Write the data below out in full, exactly as it stands.

DATA EXCERPT ::

::::

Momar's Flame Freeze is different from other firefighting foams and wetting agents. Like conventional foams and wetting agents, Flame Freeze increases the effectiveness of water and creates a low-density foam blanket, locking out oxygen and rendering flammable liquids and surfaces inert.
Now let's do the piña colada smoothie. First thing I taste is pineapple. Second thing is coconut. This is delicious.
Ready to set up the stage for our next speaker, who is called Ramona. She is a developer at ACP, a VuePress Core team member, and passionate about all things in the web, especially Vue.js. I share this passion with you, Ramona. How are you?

::::

ANSWER SPACE ::
Momar's Flame Freeze is different from other firefighting foams and wetting agents. Like conventional foams and wetting agents, Flame Freeze increases the effectiveness of water and creates a low-density foam blanket, locking out oxygen and rendering flammable liquids and surfaces inert.
Now let's do the piña colada smoothie. First thing I taste is pineapple. Second thing is coconut. This is delicious.
Ready to set up the stage for our next speaker, who is called Ramona. She is a developer at ACP, a VuePress Core team member, and passionate about all things in the web, especially Vue.js. I share this passion with you, Ramona. How are you?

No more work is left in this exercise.